What surprised me was that although I did it to punish myself for taking too much space on earth, I liked the running part. It was reliable. Boring, but reliable. I lived to see the blinking light that indicated where my progress would be on the track move slowly along as I powered forward. And what’s more, I began to try to push for a further distance each week. It was natural to me to want to see how much further I could go.

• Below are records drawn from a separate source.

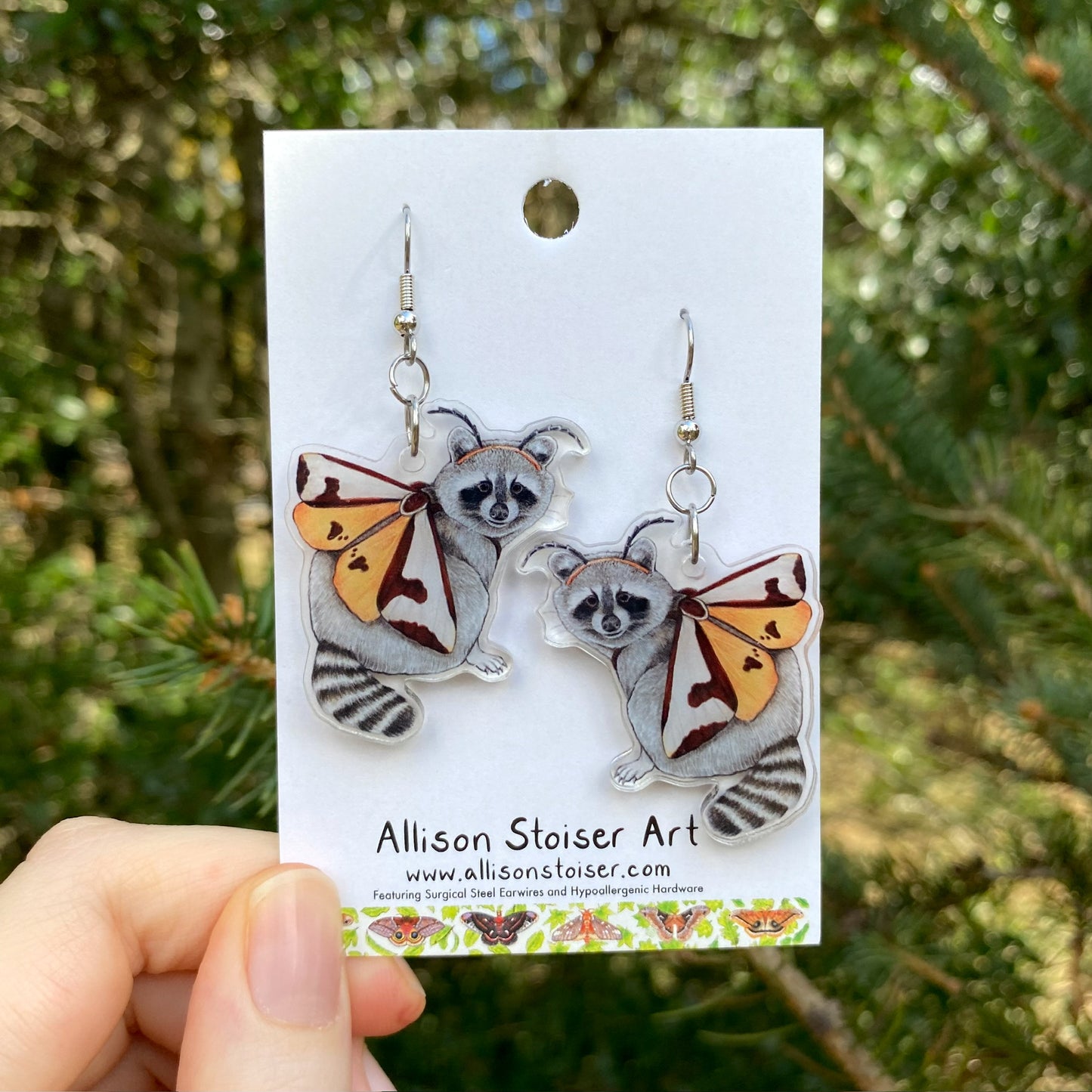 A hand holding a pair of earrings with charms of raccoons dressed up as moths.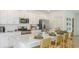 Modern kitchen with white cabinets, stainless steel appliances, large countertop, and island seating at 136 Jones Fish Camp Rd, Edgewater, FL 32141
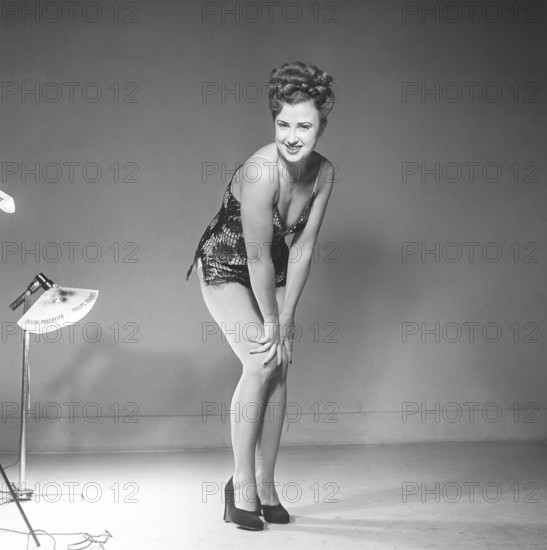 Sweden 1948. Kristoffersson Ref AT46-9 Woman in photo studio back in the day. A young woman with long slender legs, standing in a short dress poses and smiling at the camera. She has her hair done in the typical 1940s manor and on her feet she has high-heeled black shoes. Kristoffersson ref AT44-3
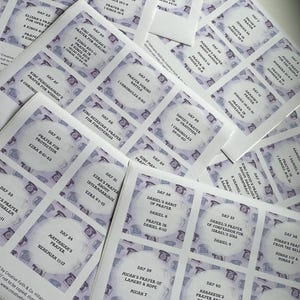 May include: A collection of printed cards with various Bible verses and prayers, featuring a telephone graphic. Each card is labeled with a day number and a specific prayer topic, such as "Prayer for Protection" or "Daniel's Habit of Prayer."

I eventually became bored with the treadmill, wondering what it would be like to enjoy scenery while I forced myself forward by my own power. I hit the track. And that summer, I hit the half-mile loop in the park across the street. I did six loops. Then ten. Then added a trip around one of the surrounding neighborhoods to it. Then I realized I’d been out for an hour run. I began to keep track of my distance, curious how long I’d traveled in that time, and over the months, I added to it. What was one more neighborhood street? If I could run from my parent’s house past our church to the bridge, what was running to the top of the bridge and back? What was then adding all the way over the bridge… and then to the next bridge and over that… On foot, I enjoyed sunrises that I wouldn’t have been able to had I been driving in haste. Many mornings at the top of the bridge, body bopping up and down, I saw the sun rise blazing orange over the barrier island I lived on, turning the trees on the shoreline black against it. I could see two bodies of water: the Atlantic Ocean over that strip of land as well as the Indian River I was crossing. Sometimes pelicans, those large, awkward birds, would coast beside me in the draft that swept underneath the bridge.
Over the months, I’d set aside huge blocks of time on the weekends to see how far I could get. I became amazed at what my body could do. At some point, I bought Complete Idiot’s Guide to Jogging and Running written by Bill Rogers; and when it mentioned that it took minimum ten months to train for a marathon, I had a new mission in life. If I could run at all, I could run 26.2 miles. I searched the internet and quickly came up with the Space Coast Marathon. It was eight months away.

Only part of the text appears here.